As a standalone film, Prom Queen is less bogged down by mythology and supernatural lore than the films in Janek’s trilogy. But in their place is a regurgitation of the most hackneyed conventions of slasher films and high school dramedies. The prologue introduces us to the major players, including Tiffany and her toady, Melissa (Ella Rubin), as well as rebel Christy (Ariana Greenblatt) and Lori’s nerdy, horror-loving bestie, Megan (Susanna Son). Some of them will survive the night in which a masked killer takes out the prom queen contestants one by one, but none can escape their woefully familiar, one-note characterizations.
In this sense, Matt Palmer’s film is very much like the most rote slasher films of the ’80s, with its threadbare narrative mostly functioning to line up fresh teen meat for slaughter. Had the film taken on a tone of archness or campiness, it could have at least had fun with its simple-minded premise, but only Katherine Waterston, as Tiffany’s uptight, rage-filled mom, understands that going ludicrously over-the-top is the only way to breathe some life into such tired material.
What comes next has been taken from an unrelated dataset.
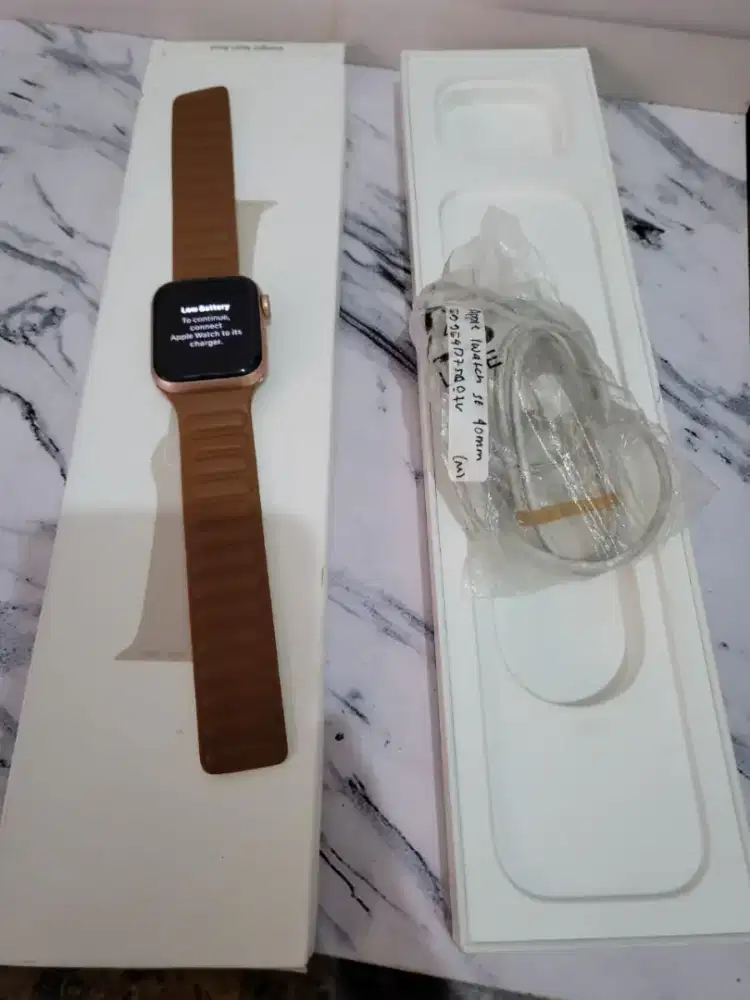 Jual cepat i watch apple SE 40MM Fullset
Throughout, the film’s kills are suitably gory, but they’re so blatantly helped along by CGI that they lack the tactility needed to give them any sort of bone-chilling effect. But even less hollow are the stabs at emotional and thematic resonance. Lori’s tragic past is repeatedly mentioned but never revealed in detail—at least not until the cheap third-act rug-pull. And the depiction of the ever-intensifying interpersonal drama between Tiffany, her friends, and her boyfriend, Tyler (David Iacono), is as telegraphed and predictable as it is rushed through.
A generous reading of Prom Queen is that the absurd, whiplash-inducing changes in character behavior that we witness across one fateful night are to be expected from an ode to the ’80s slasher. If so, that’s no excuse for the film to be so dispiriting in execution.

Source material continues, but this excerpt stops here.